I'm running a Java application on Solaris using the -Xmx256M switch. When I connect via JMX, the JVM tells me the application is using about 50Mb of heap, and correctly states the maximum heap size is around 250Mb.
However, Solaris is telling me a very different story. When running pmap, for example, I get:
~ > pmap -S 10124 | grep heap
0002C000 3920 3920 rwx-- [ heap ]
00400000 815104 815104 rwx-- [ heap ]
Showing an incredible 800Mb of memory being used for heap space.

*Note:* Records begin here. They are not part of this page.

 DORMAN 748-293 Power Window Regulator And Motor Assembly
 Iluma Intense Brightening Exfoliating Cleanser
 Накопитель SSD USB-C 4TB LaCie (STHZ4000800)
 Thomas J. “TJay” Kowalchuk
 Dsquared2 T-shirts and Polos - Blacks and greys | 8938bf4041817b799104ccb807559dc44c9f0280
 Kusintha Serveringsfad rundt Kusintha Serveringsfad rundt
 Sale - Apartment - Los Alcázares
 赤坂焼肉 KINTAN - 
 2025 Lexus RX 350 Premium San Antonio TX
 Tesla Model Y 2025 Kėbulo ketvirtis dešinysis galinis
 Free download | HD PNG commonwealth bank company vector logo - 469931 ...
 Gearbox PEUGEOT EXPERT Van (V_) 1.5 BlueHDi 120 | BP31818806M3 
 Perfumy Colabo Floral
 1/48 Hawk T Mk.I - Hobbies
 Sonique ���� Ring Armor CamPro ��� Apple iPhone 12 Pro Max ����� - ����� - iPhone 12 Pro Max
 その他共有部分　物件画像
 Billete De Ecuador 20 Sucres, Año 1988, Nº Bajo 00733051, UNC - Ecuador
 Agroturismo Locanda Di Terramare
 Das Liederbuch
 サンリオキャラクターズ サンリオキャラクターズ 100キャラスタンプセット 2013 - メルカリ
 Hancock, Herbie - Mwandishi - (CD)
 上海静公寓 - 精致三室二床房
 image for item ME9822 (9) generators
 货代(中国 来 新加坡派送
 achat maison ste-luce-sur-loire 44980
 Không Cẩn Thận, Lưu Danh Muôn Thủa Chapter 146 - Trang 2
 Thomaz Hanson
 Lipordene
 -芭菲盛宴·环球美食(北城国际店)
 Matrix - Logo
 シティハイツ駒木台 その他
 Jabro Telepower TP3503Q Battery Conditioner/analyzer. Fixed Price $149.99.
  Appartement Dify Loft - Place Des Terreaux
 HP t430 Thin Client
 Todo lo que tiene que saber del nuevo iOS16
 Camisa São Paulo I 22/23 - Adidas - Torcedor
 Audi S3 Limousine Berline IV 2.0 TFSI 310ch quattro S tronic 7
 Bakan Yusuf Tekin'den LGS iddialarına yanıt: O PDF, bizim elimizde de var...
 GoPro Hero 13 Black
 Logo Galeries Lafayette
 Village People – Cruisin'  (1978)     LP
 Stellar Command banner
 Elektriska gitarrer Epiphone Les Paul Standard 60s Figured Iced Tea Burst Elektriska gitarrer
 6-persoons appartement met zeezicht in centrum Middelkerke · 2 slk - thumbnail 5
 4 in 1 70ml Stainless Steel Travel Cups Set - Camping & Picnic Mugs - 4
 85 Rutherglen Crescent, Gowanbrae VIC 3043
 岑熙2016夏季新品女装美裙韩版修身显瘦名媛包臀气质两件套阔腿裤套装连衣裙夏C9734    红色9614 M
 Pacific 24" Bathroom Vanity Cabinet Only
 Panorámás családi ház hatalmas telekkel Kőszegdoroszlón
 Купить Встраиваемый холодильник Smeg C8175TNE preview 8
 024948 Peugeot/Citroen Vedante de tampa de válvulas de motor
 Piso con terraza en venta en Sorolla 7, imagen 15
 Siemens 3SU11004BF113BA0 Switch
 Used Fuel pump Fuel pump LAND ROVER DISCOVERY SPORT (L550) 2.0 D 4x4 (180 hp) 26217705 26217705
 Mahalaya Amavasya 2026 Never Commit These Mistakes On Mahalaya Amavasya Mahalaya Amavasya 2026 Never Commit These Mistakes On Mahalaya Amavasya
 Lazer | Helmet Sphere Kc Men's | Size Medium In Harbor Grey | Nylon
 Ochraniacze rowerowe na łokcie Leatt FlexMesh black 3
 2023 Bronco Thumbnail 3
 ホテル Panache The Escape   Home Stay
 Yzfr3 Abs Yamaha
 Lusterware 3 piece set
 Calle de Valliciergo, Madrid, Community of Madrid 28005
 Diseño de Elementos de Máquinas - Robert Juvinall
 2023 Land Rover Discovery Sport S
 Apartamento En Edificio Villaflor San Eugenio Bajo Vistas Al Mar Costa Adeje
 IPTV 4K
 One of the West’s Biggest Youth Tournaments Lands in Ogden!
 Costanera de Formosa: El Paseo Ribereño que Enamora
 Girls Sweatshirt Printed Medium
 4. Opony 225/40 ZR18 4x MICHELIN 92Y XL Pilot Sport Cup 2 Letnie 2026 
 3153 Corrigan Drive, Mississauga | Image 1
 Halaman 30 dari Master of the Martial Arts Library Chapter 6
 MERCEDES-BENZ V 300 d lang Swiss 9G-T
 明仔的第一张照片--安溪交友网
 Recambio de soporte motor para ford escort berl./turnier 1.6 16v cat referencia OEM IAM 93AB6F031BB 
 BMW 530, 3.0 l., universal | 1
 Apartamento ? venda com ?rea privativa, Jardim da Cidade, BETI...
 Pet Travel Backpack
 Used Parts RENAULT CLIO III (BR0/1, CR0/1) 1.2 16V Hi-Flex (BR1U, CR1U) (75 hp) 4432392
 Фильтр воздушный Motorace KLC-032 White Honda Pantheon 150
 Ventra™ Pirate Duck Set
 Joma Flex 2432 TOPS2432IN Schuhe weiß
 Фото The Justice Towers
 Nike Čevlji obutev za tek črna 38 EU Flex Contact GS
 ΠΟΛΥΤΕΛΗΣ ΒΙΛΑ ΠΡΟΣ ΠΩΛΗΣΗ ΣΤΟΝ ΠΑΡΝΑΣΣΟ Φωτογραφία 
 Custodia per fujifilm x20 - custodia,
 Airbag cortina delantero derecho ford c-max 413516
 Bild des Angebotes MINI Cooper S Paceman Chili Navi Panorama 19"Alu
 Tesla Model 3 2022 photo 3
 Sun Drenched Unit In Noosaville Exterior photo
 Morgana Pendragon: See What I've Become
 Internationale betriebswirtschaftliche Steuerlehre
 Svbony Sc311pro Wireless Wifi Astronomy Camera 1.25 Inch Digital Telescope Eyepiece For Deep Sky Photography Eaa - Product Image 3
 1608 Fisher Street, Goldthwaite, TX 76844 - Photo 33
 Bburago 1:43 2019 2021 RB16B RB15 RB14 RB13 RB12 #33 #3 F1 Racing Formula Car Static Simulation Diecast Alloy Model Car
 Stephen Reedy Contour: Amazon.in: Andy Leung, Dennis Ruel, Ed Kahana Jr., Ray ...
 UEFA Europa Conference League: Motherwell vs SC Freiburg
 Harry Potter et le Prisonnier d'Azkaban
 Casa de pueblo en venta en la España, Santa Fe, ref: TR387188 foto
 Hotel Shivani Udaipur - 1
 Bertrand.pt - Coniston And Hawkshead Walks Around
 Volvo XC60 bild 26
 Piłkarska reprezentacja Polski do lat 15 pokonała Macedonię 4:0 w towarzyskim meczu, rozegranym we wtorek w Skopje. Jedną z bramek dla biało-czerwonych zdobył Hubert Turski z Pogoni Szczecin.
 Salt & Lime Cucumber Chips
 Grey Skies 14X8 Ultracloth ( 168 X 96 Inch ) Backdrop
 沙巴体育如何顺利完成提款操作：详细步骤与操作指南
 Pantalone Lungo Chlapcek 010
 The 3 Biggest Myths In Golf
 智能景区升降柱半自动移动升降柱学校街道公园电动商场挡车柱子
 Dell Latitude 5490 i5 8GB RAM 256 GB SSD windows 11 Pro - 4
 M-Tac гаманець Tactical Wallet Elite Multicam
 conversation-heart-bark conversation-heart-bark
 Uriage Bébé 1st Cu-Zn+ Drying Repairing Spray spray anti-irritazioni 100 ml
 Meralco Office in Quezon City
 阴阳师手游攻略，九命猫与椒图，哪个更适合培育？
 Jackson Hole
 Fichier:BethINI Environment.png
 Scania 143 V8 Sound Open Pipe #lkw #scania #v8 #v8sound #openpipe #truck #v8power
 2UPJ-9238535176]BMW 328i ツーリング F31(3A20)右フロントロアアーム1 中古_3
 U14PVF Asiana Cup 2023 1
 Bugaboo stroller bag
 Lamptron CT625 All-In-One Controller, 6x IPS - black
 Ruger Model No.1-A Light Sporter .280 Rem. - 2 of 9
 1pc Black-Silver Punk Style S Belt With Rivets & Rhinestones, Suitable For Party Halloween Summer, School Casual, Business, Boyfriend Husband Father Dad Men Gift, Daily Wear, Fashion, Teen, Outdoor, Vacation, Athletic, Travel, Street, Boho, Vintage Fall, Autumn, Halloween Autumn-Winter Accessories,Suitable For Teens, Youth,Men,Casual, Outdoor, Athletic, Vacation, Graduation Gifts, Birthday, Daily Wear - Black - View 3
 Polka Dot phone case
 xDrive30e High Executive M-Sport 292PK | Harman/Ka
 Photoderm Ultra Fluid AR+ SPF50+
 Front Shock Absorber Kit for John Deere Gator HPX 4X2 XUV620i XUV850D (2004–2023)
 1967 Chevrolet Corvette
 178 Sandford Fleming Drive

ps confirms the memory usage:
ps -eo vsz,rss,pid,args | sort -n
939368 925576 10124 /apps/../java -Xmx256M xxxx
I've read https://plumbr.eu/blog/why-does-my-java-process-consume-more-memory-than-xmx, but the article describes JVM using memory other than heap (i.e. stack, native libraries and threads) - but in my case, the JVM is actually using much more heap than specified.
My java version is:
java version "1.6.0_31"
Java(TM) SE Runtime Environment (build 1.6.0_31-b04)
Java HotSpot(TM) Server VM (build 20.6-b01, mixed mode)
To add to the mystery, I have other Java applications running on the same box, using the same JVM with the same settings, that behave perfectly fine. What makes this application "special" is that it connects to an external third party application (RET LBN, if that helps). It does not run any JNI or native code - so why is the third party library not respecting the JVM's startup parameters?
I'm at my wits end - any help or pointers will be greatly appreciated.